Naar aanleiding van deze uitspraak heeft de Advocaat-Generaal bij de Hoge Raad (mevrouw Van Hilten) conclusies geschreven bij drie zaken die bij de Hoge Raad lopen. Verder heeft het Hof Arnhem uitspraak gedaan in een zaak, waarin een beroep is gedaan op de uitspraak van het Europese Hof van Justitie.

Conclusies

    1. De Advocaat-Generaal schrijft in haar conclusie voor de Hoge Raad bij de Don Bosco-zaak, dat het blijkens de uitspraak van het Europese Hof van Justitie de bedoeling is dat alle terreinen, die voor (nieuwe) bebouwing zijn bestemd, worden aangemerkt als bouwterrein voor de omzetbelasting (ongeacht of er nog iets op zo’n terrein staat, dat er nog af moet, voordat de nieuwe bebouwing kan worden gerealiseerd).
    2. In haar conclusie bij een tweede zaak, die door de Hoge Raad is aangehouden in afwachting van de Don Bosco-uitspraak van het Europese Hof van Justitie, herhaalt de Advocaat-Generaal nog eens, dat de bestemming van het terrein essentieel is. Wanneer de bestemming is gelegen in nieuwe bebouwing, moet het terrein worden aangemerkt als een bouwterrein, waarvan de levering is belast met omzetbelasting.
    3. In de derde conclusie bij een zaak, die door de Hoge Raad is aangehouden in afwachting van de Don Bosco-uitspraak van het Europese Hof van Justitie, wijst de Advocaat-Generaal op het verschil tussen deze zaak en de twee bovenstaande. In deze zaak is namelijk, anders dan bij de twee bovenstaande, niet de (uiteindelijke) volledige sloop van de huidige bebouwing aan de orde. Het gebouw, dat op het terrein staat, wordt niet volledig gesloopt, maar zodanig ingrijpend verbouwd, dat daardoor een nieuwe onroerende zaak ontstaat. Het gevolg is dan niet de levering van een bouwterrein, maar de levering van een nieuwe onroerende zaak, die is belast met omzetbelasting. De Advocaat-Generaal concludeert, dat als de verbouwing is begonnen en deze verbouwing is gericht op het ontstaan van een nieuwe onroerende zaak, er sprake is van de levering van een nieuwe onroerende zaak, welke levering belast is met omzetbelasting.


Hof Arnhem

Het Hof Arnhem heeft uitspraak gedaan in een zaak, waarbij een terrein is geleverd, bestemd voor nieuwe bebouwing. Hierbij haalt het Hof de Don Bosco-uitspraak van het Europese Hof van Justitie aan. Het oude gebouw, dat op het geleverde terrein stond, is gesloopt en het slooppuin is afgevoerd. Het Hof heeft geoordeeld dat weliswaar onbebouwde grond is geleverd, maar dat het verwijderen van het slooppuin niet kan worden beschouwd als bewerkingen aan die grond, waardoor een bouwterrein zou zijn geleverd. Volgens het Hof is deze levering dus niet belast met omzetbelasting.
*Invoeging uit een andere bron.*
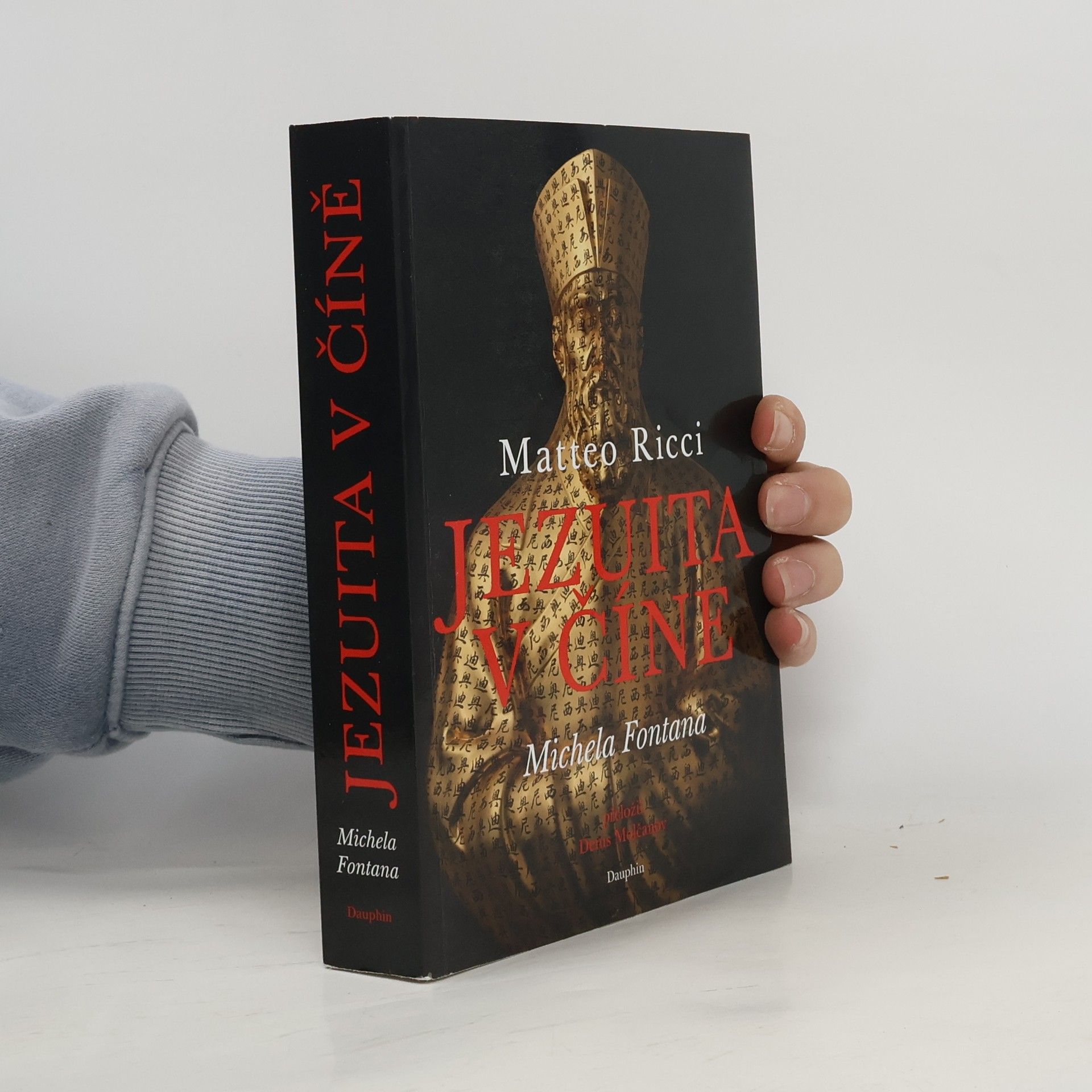 Michela Fontana Matteo Ricci – Jezuita v Číně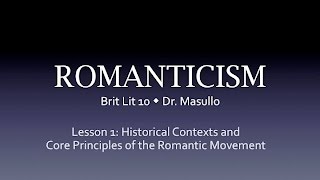 Romanticism, Lesson 1: Historical Contexts and Core Principles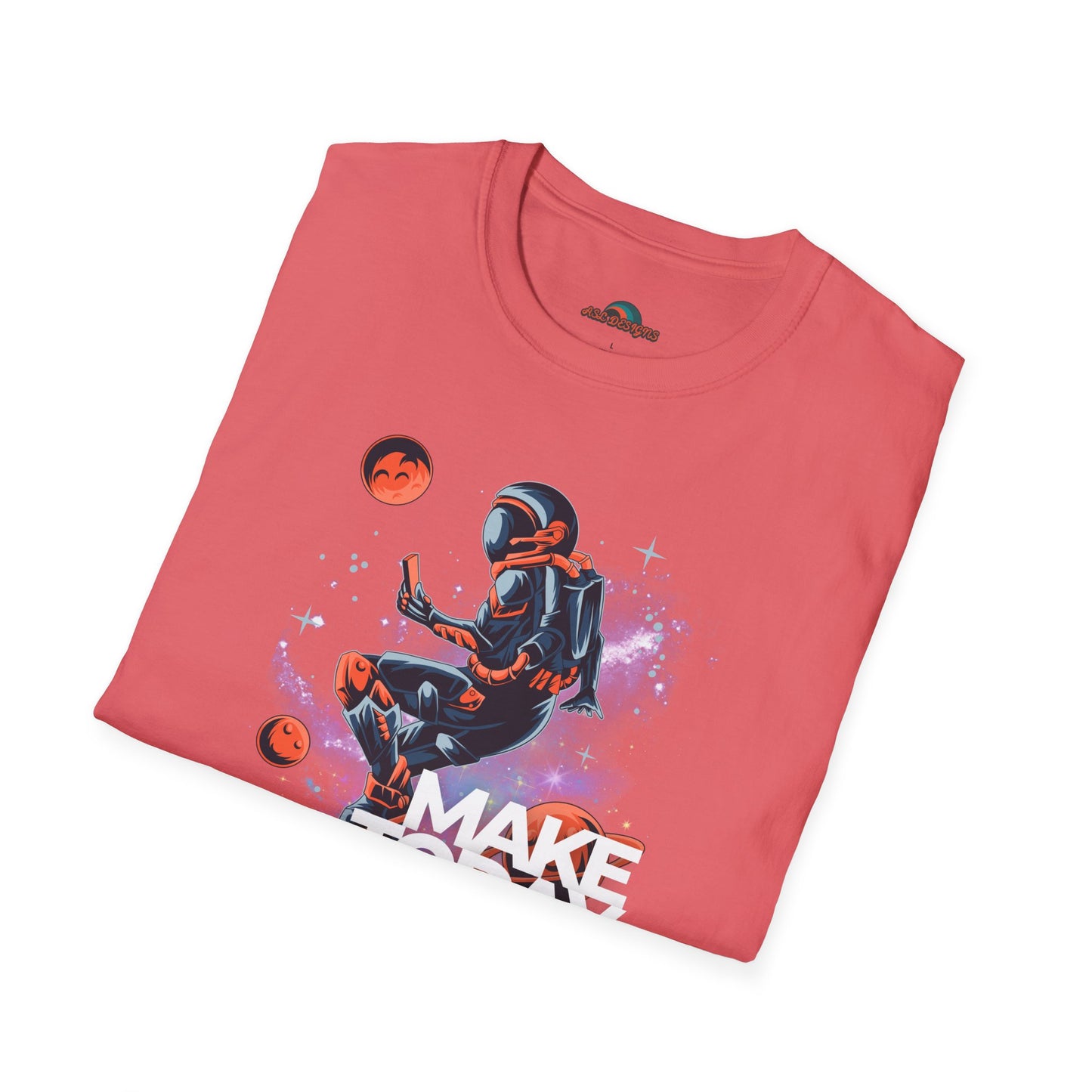 Astronaut T-Shirt - Make Today Epic - Unisex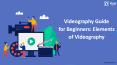 Videography Guide for Beginners: Elements of Videography PowerPoint PPT Presentation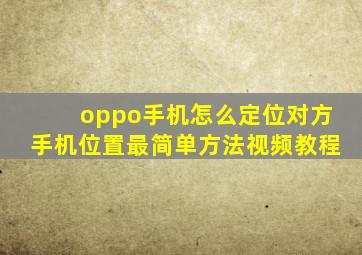 oppo手机怎么定位对方手机位置最简单方法视频教程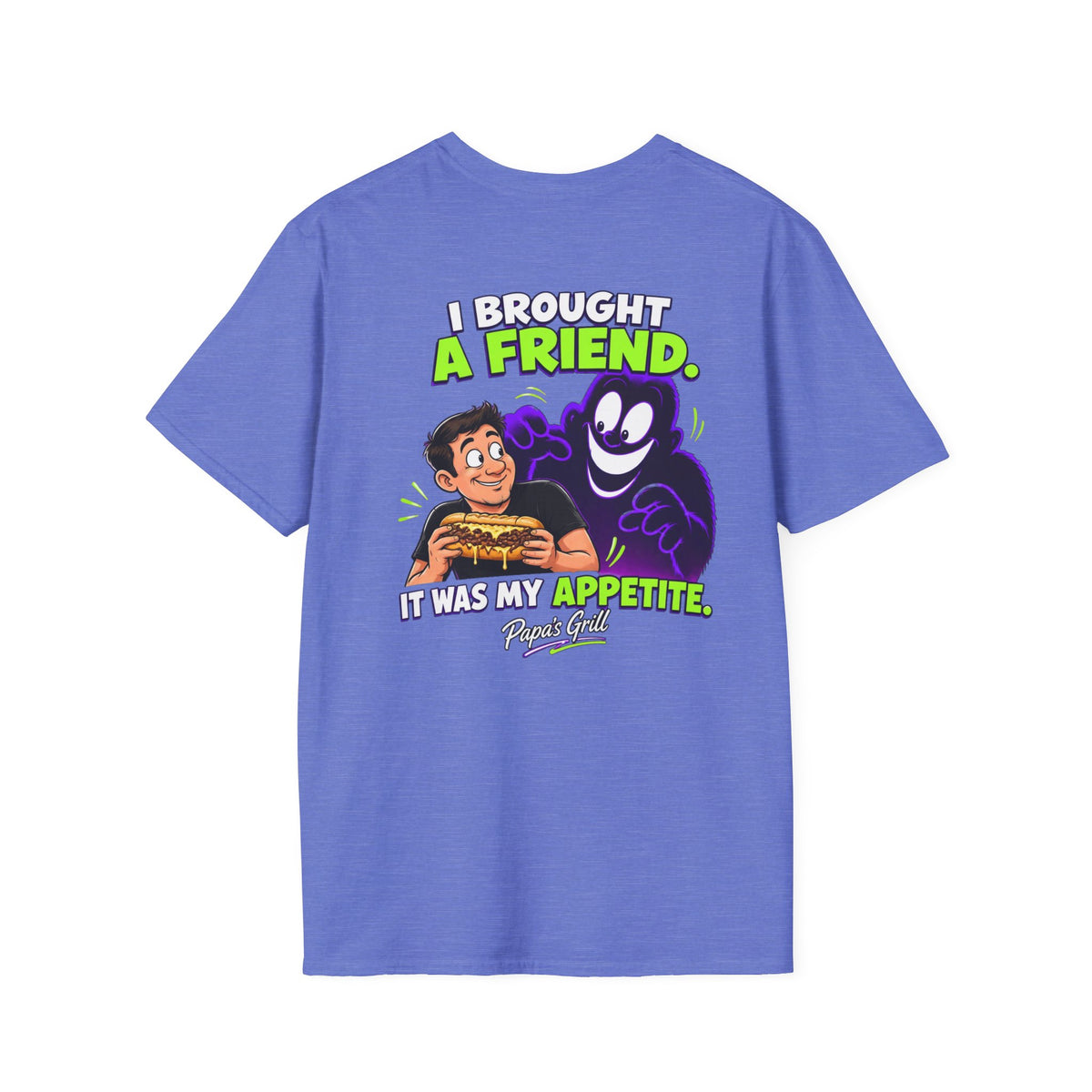Papa's Grill — I Brought A Friend Tee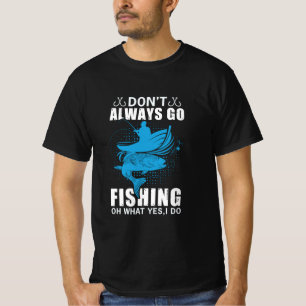 Camiseta Fisher Nem Sempre Vai Pescar
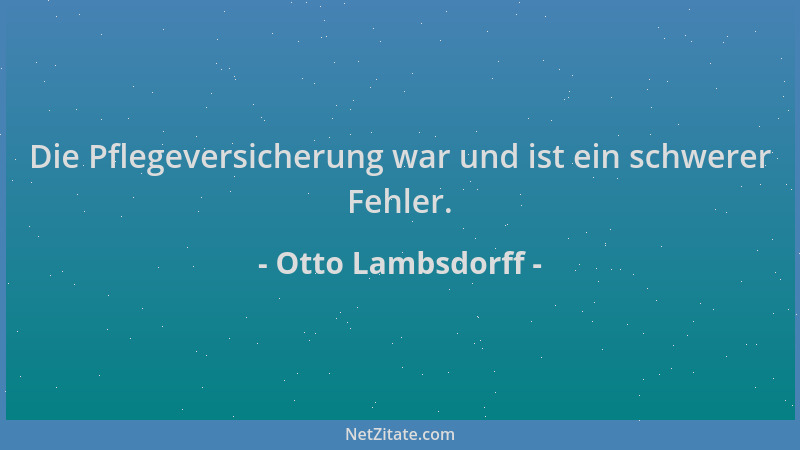 Otto Lambsdorff - Die Pflegeversicherung war und ist ein schwerer Fehler....
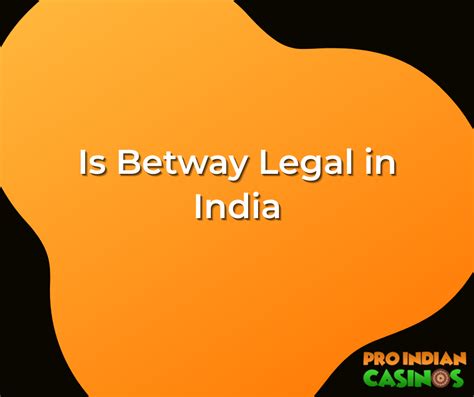 Betway Leality in India – How to Gamble at Betway from India?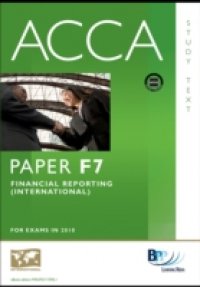 ACCA Paper F7 – Financial Reporting (INT) Study Text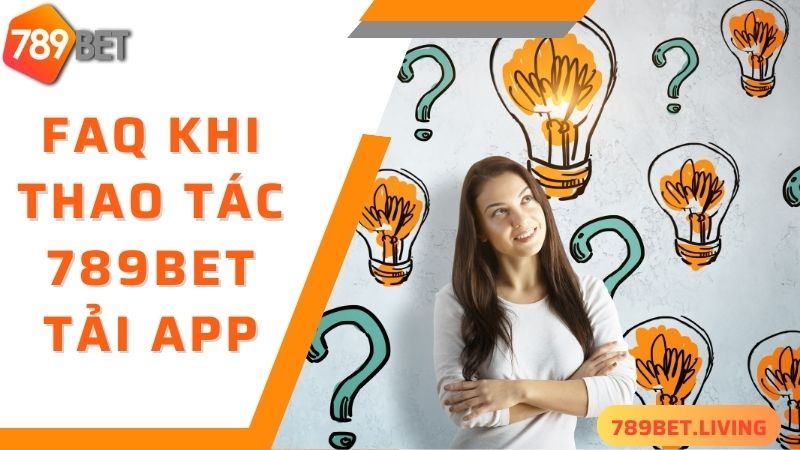 789BET tải app: Hướng dẫn tải ứng dụng siêu tiện lợi 6 FAQ - một số câu hỏi thường gặp về 789BET tải app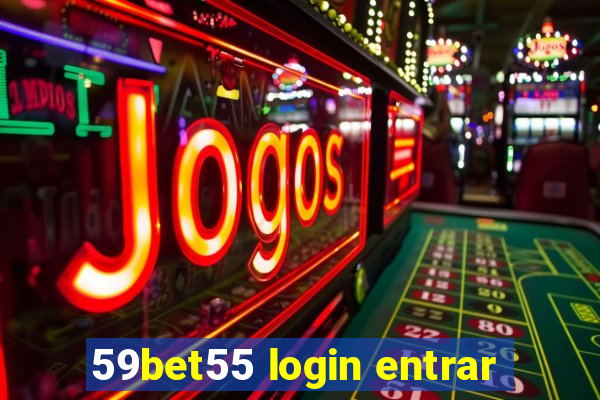 59bet55 login entrar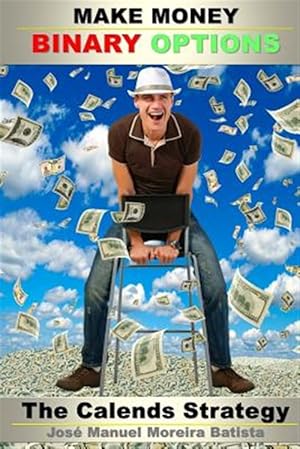 Immagine del venditore per Make Money With Binary Options : The Calends Strategy venduto da GreatBookPrices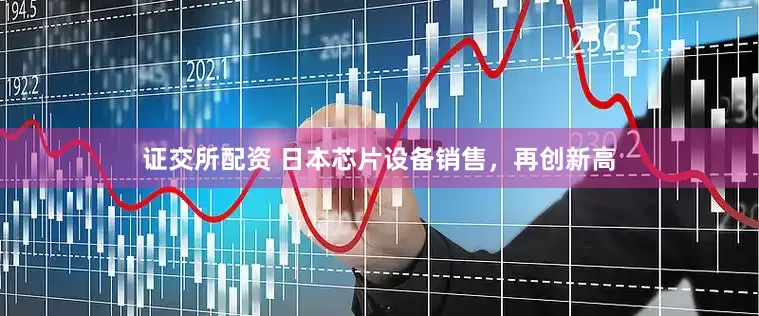 证交所配资 日本芯片设备销售，再创新高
Opmerkelijk hierbij is, dat het Hof Arnhem anders redeneert dan de Advocaat-Generaal, die van mening is, dat als een terrein bestemd is voor nieuwe bebouwing, de levering van dat terrein belast is met omzetbelasting. In de zaak die bij het Hof speelde, was de bestemming van het terrein wel degelijk nieuwe bebouwing.

Tegen de uitspraak van het Hof is dan ook cassatie ingesteld. Het is afwachten of de Hoge Raad de Advocaat-Generaal volgt of het Hof Arnhem.